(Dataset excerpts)
'''
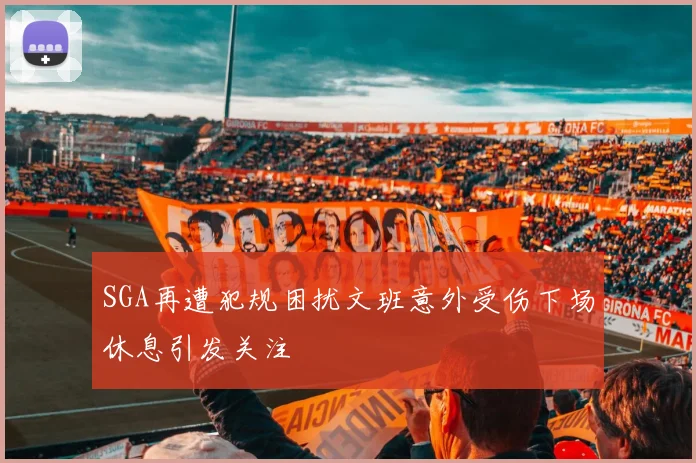 SGA再遭犯规困扰文班意外受伤下场休息引发关注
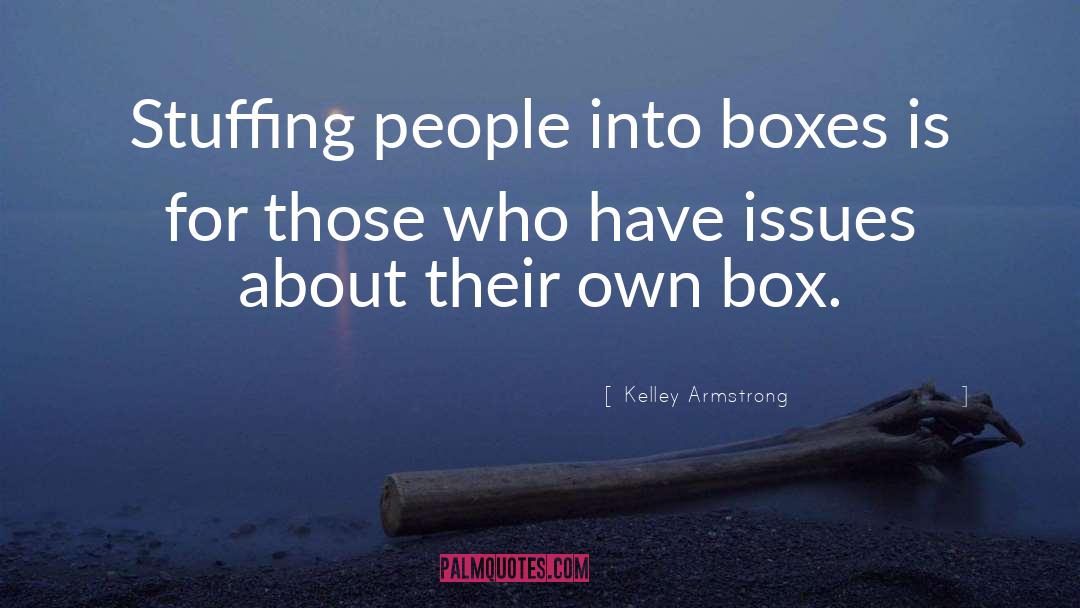 Stuffing quotes by Kelley Armstrong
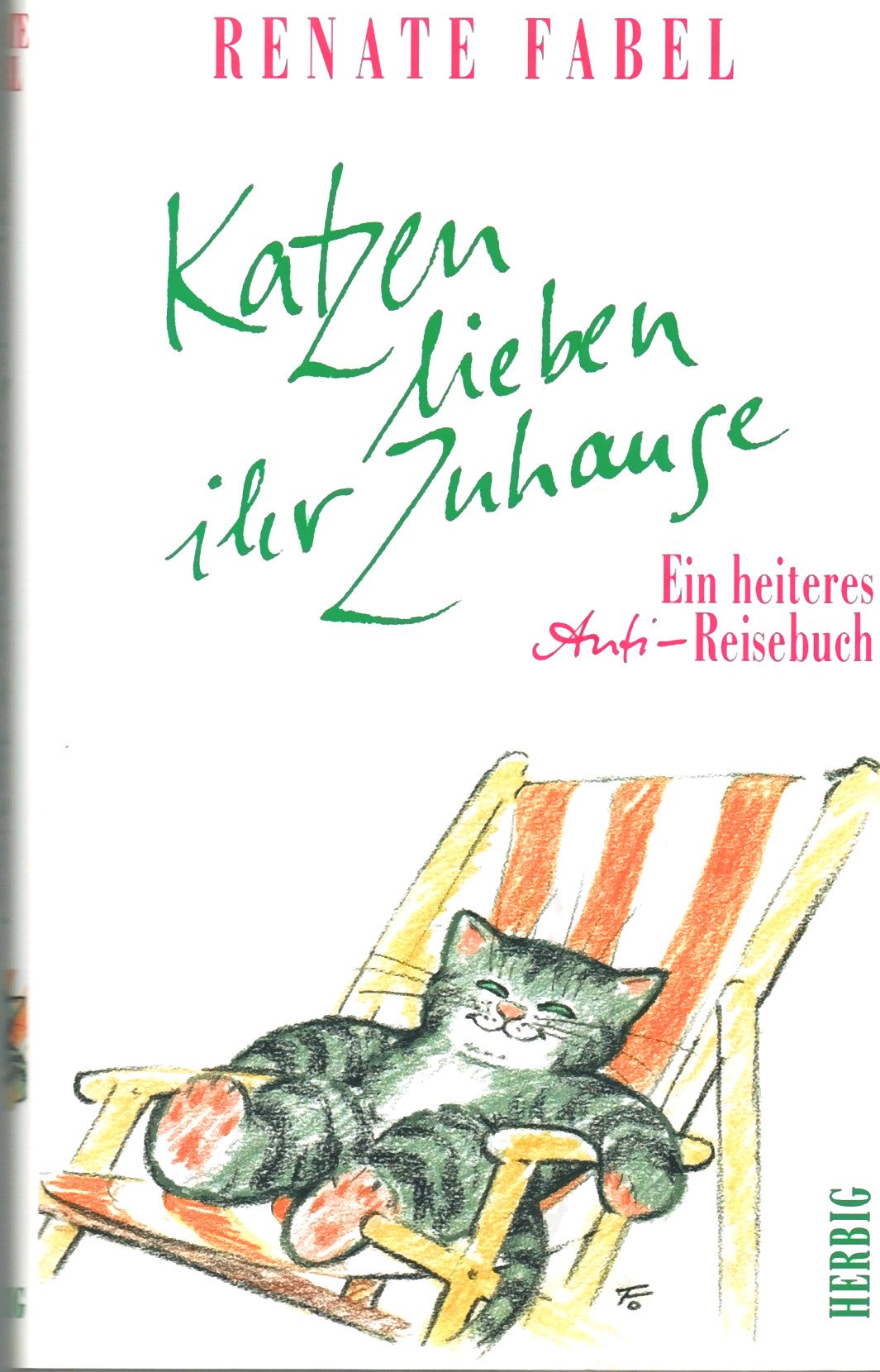 Katzen lieben ihr Zuhause: Ein heiteres Anti-Reise-Buch Pets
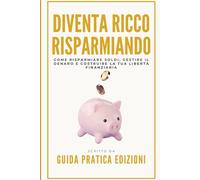 Diventa Ricco Risparmiando: Come risparmiare soldi, gestire il denaro e costruire la tua libertà finanziaria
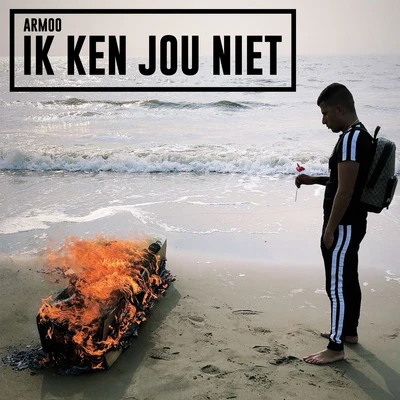 Armoo Ik ken jou niet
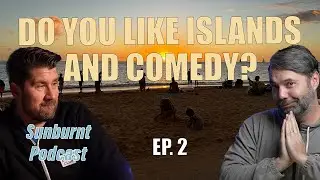 Rub-a-Dub-Dub, Chip and T-Bone in a Tropical Comedy Tub | Sunburnt Podcast Ep. 2
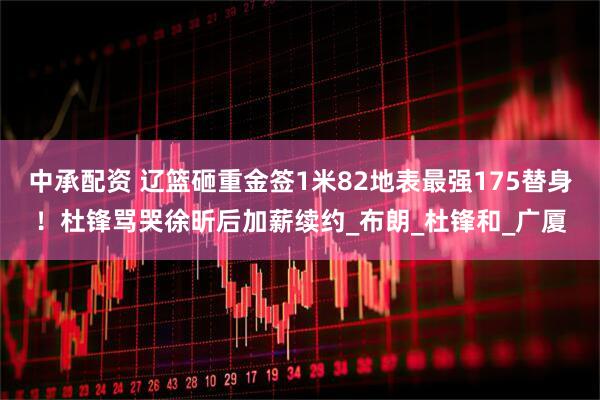 中承配资 辽篮砸重金签1米82地表最强175替身！杜锋骂哭徐昕后加薪续约_布朗_杜锋和_广厦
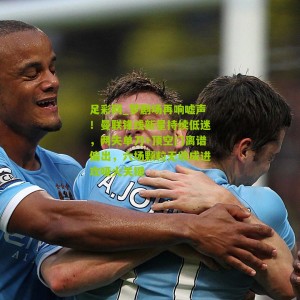 足彩网_梦剧场再响嘘声！曼联锋线新星持续低迷，两失单刀+顶空门离谱偏出，六场颗粒无收成进攻哑火关键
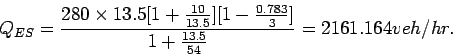 \begin{displaymath}
Q_{ES}= \frac{280\times
13.5[1+\frac{10}{13.5}][1-\frac{0.783}{3}]}{1+\frac{13.5}{54}} = 2161.164
veh/hr.
\end{displaymath}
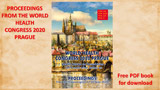 Proceedings from the World Health Congress 2020 Prague
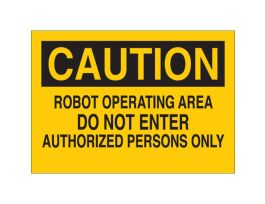 CAUTION Robot Operating Area Do Not Enter Authorized Persons Only Sign, 10" H x 14" W x 0.06" D, Polystyrene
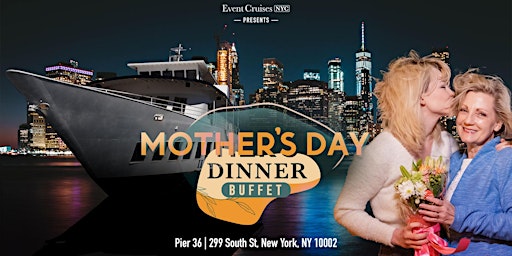 Imagem principal de Mother's Day Dinner Cruise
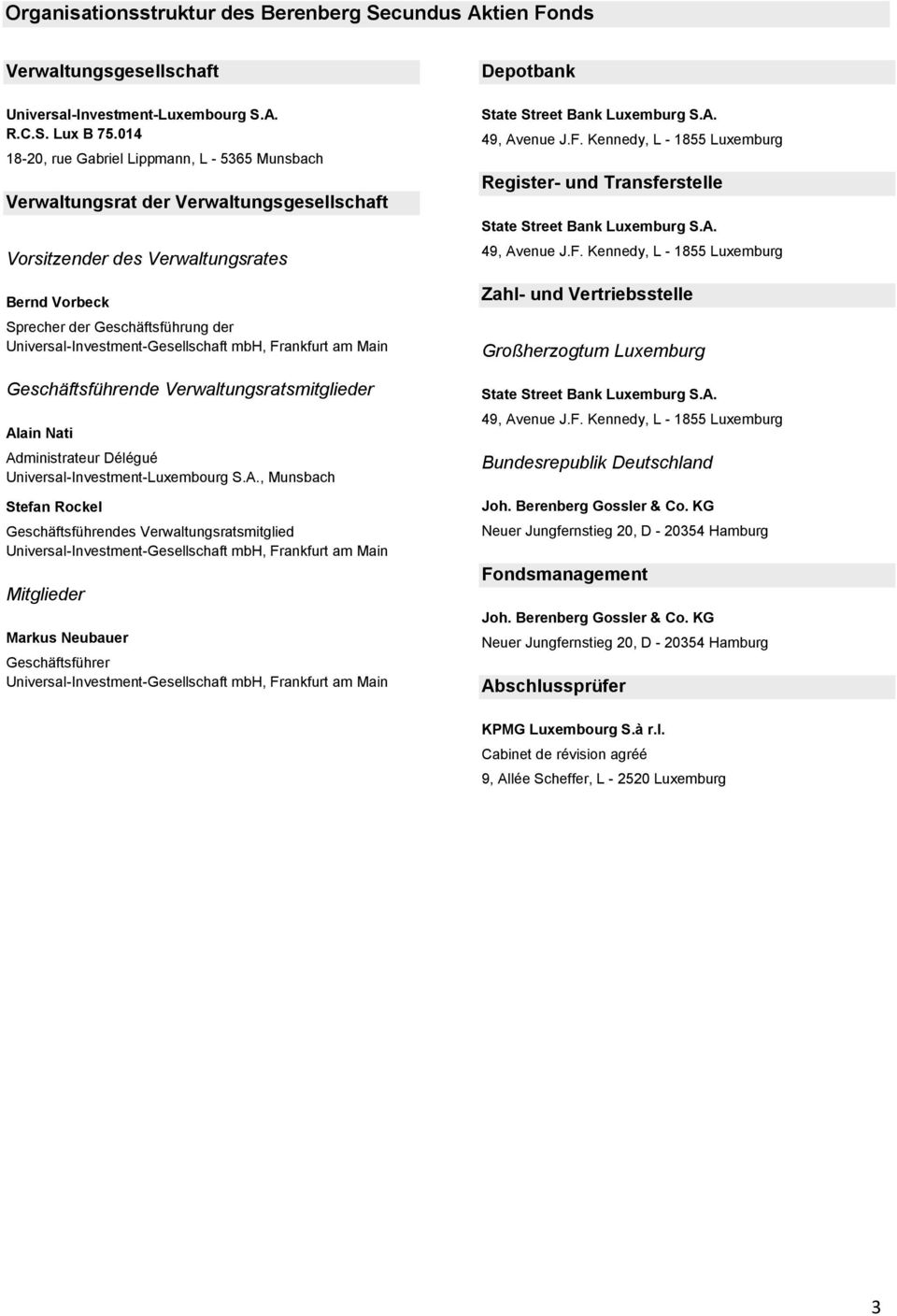 Universal-Investment-Gesellschaft mbh, Frankfurt am Main Geschäftsführende Verwaltungsratsmitglieder Al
'''
### Problem statement
Every line in the data above that contains the word "frac" should be copied.

### Completed task
Q_{ES}= \frac{280\times
13.5[1+\frac{10}{13.5}][1-\frac{0.783}{3}]}{1+\frac{13.5}{54}} = 2161.164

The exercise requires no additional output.